On Sep 22, 2011, at 4:52 AM, Catalin Marinas wrote:

Ugh, sorry, I've been having problems with fetchmail/POP and did not see your
reply until just now, logged into IMAP finally.  : /

> Hi George,
> 
> On 22 September 2011 08:29, George G. Davis <gdavis@mvista.com> wrote:
>> On Mon, Jun 20, 2011 at 03:43:27PM +0200, EXTERNAL Waechtler Peter (Fa. TCP, CM-AI/PJ-CF31) wrote:
>>> I'm getting unexpected results from loading several modules - some
>>> of them in parallel - on an ARM11 MPcore system.
> ...
>> In case anyone missed the subtlety, this report was for an ARM11 MPCore system
>> with CONFIG_PREEMPT enabled.  I've also been looking into this and various other
>> memory corruption issues on ARM11 MPCore with CONFIG_PREEMPT enabled and have
>> come to the conclusion that CONFIG_PREEMPT is broken on ARM11 MPCore.
>> 
>> I added the following instrumentation in 3.1.0-rc4ish to watch for
>> process migration in a few places of interest:
> ...
>> Now with sufficient system stress, I get the following recurring problems
>> (it's a 3-core system : ):
>> 
>> load_module:2858: cpu was 0 but is now 1, memory corruption is possible
>> load_module:2858: cpu was 0 but is now 2, memory corruption is possible
>> load_module:2858: cpu was 1 but is now 0, memory corruption is possible
>> load_module:2858: cpu was 1 but is now 2, memory corruption is possible
>> load_module:2858: cpu was 2 but is now 0, memory corruption is possible
>> load_module:2858: cpu was 2 but is now 1, memory corruption is possible
>> pte_alloc_one:100: cpu was 0 but is now 1, memory corruption is possible
>> pte_alloc_one:100: cpu was 0 but is now 2, memory corruption is possible
>> pte_alloc_one:100: cpu was 1 but is now 0, memory corruption is possible
>> pte_alloc_one:100: cpu was 1 but is now 2, memory corruption is possible
>> pte_alloc_one:100: cpu was 2 but is now 0, memory corruption is possible
>> pte_alloc_one:100: cpu was 2 but is now 1, memory corruption is possible
>> pte_alloc_one_kernel:74: cpu was 2 but is now 1, memory corruption is possible
>> 
>> With sufficient stress and extended run time, the system will eventually
>> hang or oops with non-sensical oops traces - machine state does not
>> make sense relative to the code excuting at the time of the oops.
> 
> I think your analysis is valid and these places are not safe with
> CONFIG_PREEMPT enabled.

Alas, the stress test stability problems persist even with CONFIG_PREEMPT off.
Perhaps the windows are smaller, but they still exist.

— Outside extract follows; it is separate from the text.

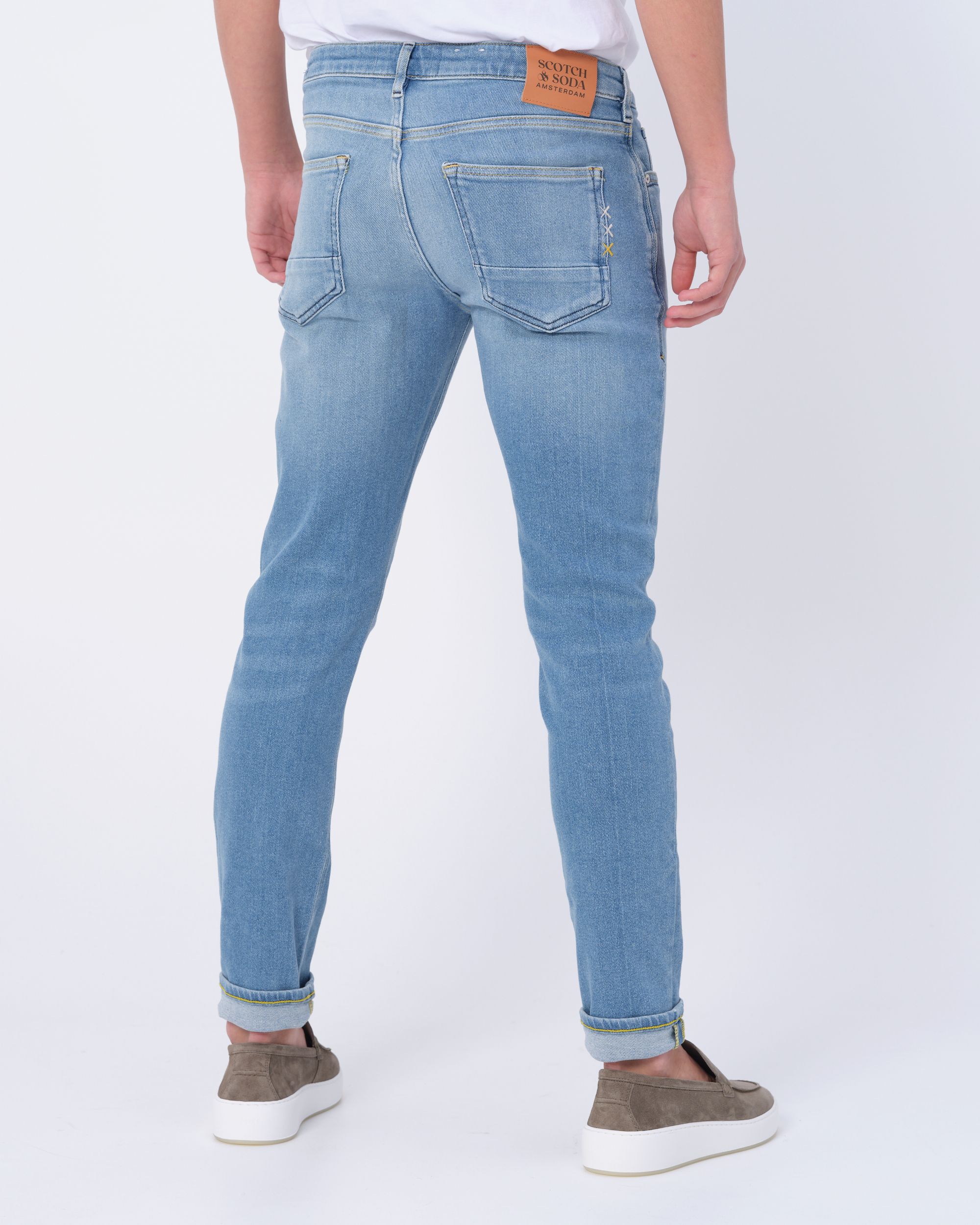 Scotch & Soda Jeans Blauw 086161-001-28/30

>> The interesting point here is that each of the above contain critical
>> sections in which ARM11 MPCore memory is inconsistent, i.e. cache on
>> CPU A contains modified entries but then migration occurs and the
>> cache is flushed on CPU B yet those cache ops called in the above
>> cases do not implement ARM11 MPCore RWFO workarounds.
> 
> I agree, my follow-up patch to implement lazy cache flushing on
> ARM11MPCore was meant for other uses (like drivers not calling
> flush_dcache_page), I never had PREEMPT in mind.
> 
>> Furthermore,
>> the current ARM11 MPCore RWFO workarounds for DMA et al are unsafe
>> as well for the CONFIG_PREEMPT case because, again, process migration
>> can occur during DMA cache maintance operations in between RWFO and
>> cache op instructions resulting in memory inconsistencies for the
>> DMA case - a very narrow but real window.
> 
> Yes, that's correct.
> 
>> So what's the recommendation, don't use CONFIG_PREEMPT on ARM11 MPCore?
>> 
>> Are there any known fixes for CONFIG_PREEMPT on ARM11 MPCore if it
>> is indeed broken as it appears?
> 
> The scenarios you have described look valid to me. I think for now we
> can say that ARM11MPCore and PREEMPT don't go well together.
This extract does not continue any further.